Yeni Zelanda katliamı, yeni günlerin son sembolik işareti dünyayı anlatan. Kapitalizmin yeni model faşist biçimi, adım adım dünyaya yerleşiyor. Yeni Zelanda’da her katledilen kişinin arkasında bunu itinayla hazırlayan bir iktidar, devlet işte bütünüyle, hükümet başkanları, başbakanlar, kullanılış biçimine göre en sağdaki raftan seçilmiş bakanlar, müdürler yukardan aşağı birbirlerinin üstüne konulmuş emirler silsilesi ya da her ne derseniz artık, yavaş ve az pişmiş gündelik ırkçılık, göçmenlerin dünyanın her yerinde her gün yaşadığı, sokakta bir Kürt genci dışlanmışlığı yani her polis çevirmesinde mutlaka şüpheli, alışılmış çaresizlik içinde her yerde, insanların bırakın örgütlenmesini, yan yana durmasının, hatta ibadet etmesinin bile imkansızlaştığı, bir bilimkurguya dönüyor hayatımız.
Bu katliamı devletlerin hazırladığını söylemem doğrudan bir komplonun, hani casus filmlerinde janti kıyafetleriyle ve mutlaka gözlerini saklayan güneş gözlükleriyle, kameranın peşini takip ettiği aktörlerle hazırlandığı manasına gelmiyor. Post neoliberal dönemin yeni faşizmi, daha kötü ki büyük bir ırkçı ‘kimlik’ inşasıyla gelişiyor. Bu katliamda, silahları hazırlayanlar, görünen beyaz faşizmin küçük karakter boylarıyla, araklanmış aptal manifestolarıyla tetikçileri değil, mesela Meksika-ABD arasına duvar örmeye çalışan Trump’tır aslında. Bu duvar, hem Senato-Kongre bütçe oylamalarıyla durmuş, yapılıyor dedikleri yenilenmiş bazı beton bariyerler olarak var olsa da, esas etkisi bu değil, göçmenlere karşı beyaz faşizmin yükselen fikirlerini geliştirmesi inşa etmesi. Bu durum sadece ekstrem bir örnek olan Trump için de geçerli değil, demokrasinin kaynağı Avrupa! -bunu faşizmin kaynağı olarak da söyleyebilirsiniz- Ortadoğu göçmenlerini Türkiye bahçesinde tutmak için yaptıkları anlaşmada mesela, katliamın asli faili tüfeklerin mermilerinden başka bir şey değil. Yani bu katliamlar devletlerin dışlanmış ve ötekileştirilmiş üzerine kurulu yeni faşist ideolojinin, sivri uçları sadece.

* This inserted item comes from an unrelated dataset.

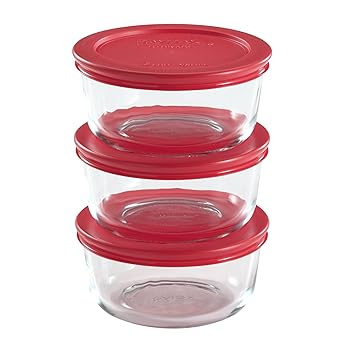 【中古】Pyrex 2優勝杯 瑠璃製 食料雑貨類記憶装置仕掛ける 蓋 6-Piece 読みやすい 1085657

Dünyada artık her şey ‘mekan, kimlik ve ekoloji’ üzerinden oluyor dediğimizin üstünden 10 yıldan daha fazla geçti. Yeni Zelanda katliamı bunun son faşist ucuyken aynı şekilde mesela 10 Ekim katliamı ya da Antep’te Kürt düğününe konmuş İslamcı faşist bombası arasında da hiçbir fark yok.

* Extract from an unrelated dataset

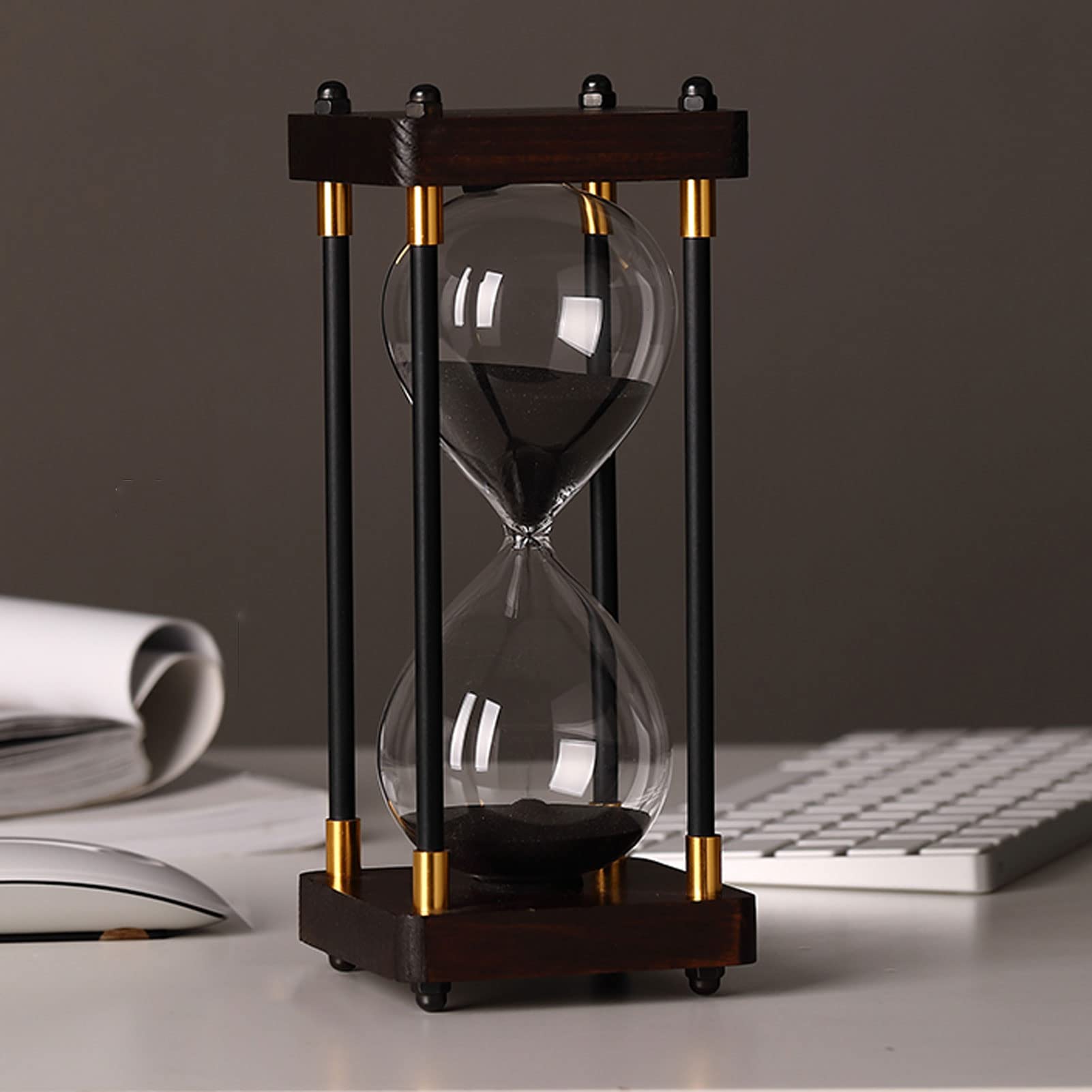 Sanduhr-Timer, Bunte Glas-Sanduhr, Holzrahmen, Sand, dekorative Sanduhr, Sanduhr-Timer for Kinder, Glas-Sanduhr, Sanduhr for Zuhause, Schreibtisch, Geschenke, Büro, Dekoration, kreative Geschenke (Co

Bu yüzden, dünyanın bir tarafında, yeni faşizm katliamlarla, kendisi için hazır ideolojinin üstünde seke seke gelirken, öte yandan benzer bir faşizme karşı var olma savaşını kazananların, farklı kimlikleri doğrudan özne olarak dahil ettikleri karşı pratik, daha da çarpıcı geliyor insana ve yeni faşizmin her katliamı, daha da haklı çıkarıyor bu pratiği…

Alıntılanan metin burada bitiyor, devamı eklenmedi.